- [Exercise requirements]:
In the records below, begin at the line that has "Ruined castle with" and stop after the line that has "Ansamblu de Joaca"; quote those lines verbatim and nothing more.

- [Study material]:
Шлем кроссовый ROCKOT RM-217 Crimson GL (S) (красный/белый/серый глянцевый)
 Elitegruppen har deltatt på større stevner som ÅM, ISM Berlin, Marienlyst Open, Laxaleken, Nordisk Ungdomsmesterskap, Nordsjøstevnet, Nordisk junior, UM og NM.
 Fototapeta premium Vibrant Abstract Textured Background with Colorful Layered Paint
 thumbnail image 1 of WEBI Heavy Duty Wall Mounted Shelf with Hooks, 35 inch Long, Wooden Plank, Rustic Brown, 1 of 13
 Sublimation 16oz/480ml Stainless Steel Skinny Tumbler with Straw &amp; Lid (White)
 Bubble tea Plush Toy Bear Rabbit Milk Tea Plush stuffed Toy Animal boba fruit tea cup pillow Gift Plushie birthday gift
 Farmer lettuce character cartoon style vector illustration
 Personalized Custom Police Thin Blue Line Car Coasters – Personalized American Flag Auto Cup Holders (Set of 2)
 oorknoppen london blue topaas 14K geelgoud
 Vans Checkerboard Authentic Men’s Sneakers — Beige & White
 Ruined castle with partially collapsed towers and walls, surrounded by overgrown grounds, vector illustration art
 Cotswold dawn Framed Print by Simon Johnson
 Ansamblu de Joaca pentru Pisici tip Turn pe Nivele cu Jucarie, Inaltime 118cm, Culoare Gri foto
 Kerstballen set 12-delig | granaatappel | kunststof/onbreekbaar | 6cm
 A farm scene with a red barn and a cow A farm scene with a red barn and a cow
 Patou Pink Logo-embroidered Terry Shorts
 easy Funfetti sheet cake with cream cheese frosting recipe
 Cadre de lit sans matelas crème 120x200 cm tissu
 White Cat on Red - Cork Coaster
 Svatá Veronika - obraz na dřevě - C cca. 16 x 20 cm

- [Result of the exercise]:
 Ruined castle with partially collapsed towers and walls, surrounded by overgrown grounds, vector illustration art
 Cotswold dawn Framed Print by Simon Johnson
 Ansamblu de Joaca pentru Pisici tip Turn pe Nivele cu Jucarie, Inaltime 118cm, Culoare Gri foto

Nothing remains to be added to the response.